Dîneverî, kendi dönemi için gerçekten önemli bir eser olan el-Ahbârü't-tıvâl'de olayları anlatırken kesinlikle mezhep taassubuna kapılmamıştır. Esasen o, özellikle İran tarihiyle ilgilendiğini çeşitli rivayetleriyle açıkça ortaya koymaktadır. Bu bakımdan eser, İran'ın siyasî ve dinî gelişmesi hakkında verdiği bilgiler dolayısıyla oldukça geniş ve ciddi bir kaynak niteliğindedir.
el-Ahbârü't-tıvâl edebî, ilmî ve tarihî değerine rağmen İslâm dünyasının klasik dönemlerinde fazla itibar görmemiştir. Eserde olaylar Taberî ve İbnü'l-Esîr'in klasik İslâm tarihlerinde olduğu gibi kronolojik sırayla anlatılmamış, farklı rivayetler belirtilerek birleştirilme yoluna gidilmemiştir. Bazan oldukça eksik ve müphem rivayetler kaydedilmiş, nakledilen rivayetlerin isnadı verildiği gibi kaynaklar da ara sıra zikredilmiştir. Eserde adları geçen râvilerin sayısı yirmi biri bulmaktadır. Bunlar arasında meşhur râvi Şa'bî, edebiyatçı Heysem b. Adî, Hişâm el-Kelbî, Asmaî gibi isimlere rastlanmaktadır. Dîneverî'nin haberlerin isnadlarını vermemesi ve olaylar hakkında bütün rivayetleri kaydetmemesi, büyük bir ihtimalle, tarihî bir eserden çok edebî bir eser ortaya koyma endişesinden doğmuş olabilir. Bu yüzden de aynı olay hakkındaki çeşitli rivayetlerden kendi edebî üslûbuna uygun düşen birini tercih etmiş ve onu anlatmıştır.
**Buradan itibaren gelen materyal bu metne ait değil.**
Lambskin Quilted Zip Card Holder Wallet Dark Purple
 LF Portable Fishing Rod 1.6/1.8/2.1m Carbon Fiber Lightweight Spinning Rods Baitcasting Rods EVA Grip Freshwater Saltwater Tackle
Uzun asırlar ilim âleminin dikkatinden uzak kalan eser, ilk defa V. Rosen tarafından Leningrad'da St. Petersburg yazmaları arasında bulunmuştur. Leningrad Kütüphanesi'nde (nr. 822) kayıtlı nüsha, Bugyetü't-taleb fî Târîhi Haleb müellifi İbnü'l-Adîm tarafından 655 (1257) yılında istinsah edilmiştir. Rus âlimi Vladimir Guirgass bu nüshayı herhangi bir mukaddime ve açıklama koymaksızın Arapça metin olarak yayımlamıştır (el-Ahbârü't-tıvâl, I, Leiden 1888). Daha sonraki yıllarda eserin Leiden'de iki nüshası daha bulunmuştur. Bunlardan 1122 numarada kayıtlı nüsha 1000 (1592), 2436 numarada kayıtlı diğer nüsha ise 1061 (1651) tarihli olup önceki nüshadan intinsah edilmiştir. Ignatij J. Kračkovskij, V. Guirgass'ın yayımladığı eseri ikinci bir ciltle tamamlamıştır. Bu ciltte Kratchkovsky el-Ahbârü't-tıvâl'in Leningrad nüshasını esas alarak tahkikini yapmış, değerli bir mukaddime yazmış ve bir dizin eklemiştir (Leiden 1912). Aynı yıl Muhammed Saîd er-Râfiî'nin tashihini yaparak neşre hazırladığı eseri Muhammed el-Hudarî bölümlerine başlık koyarak neşretmiştir (el-Ahbârü't-tıvâl, Mısır 1330). Daha sonra Abdülmün'im Âmir, Mısır'da Rifâa Râfi' et-Tahtâvî'nin kütüphanesinde bulunan (nr. 73) ve o güne kadar bilinen üç nüshaya göre daha eski olan 579 (1183-84) tarihli bir nüshayı esas alarak bir mukaddime ile eseri yeniden neşretmiştir (Kitâbü'l-Ahbâri't-tıvâl, Kahire 1960).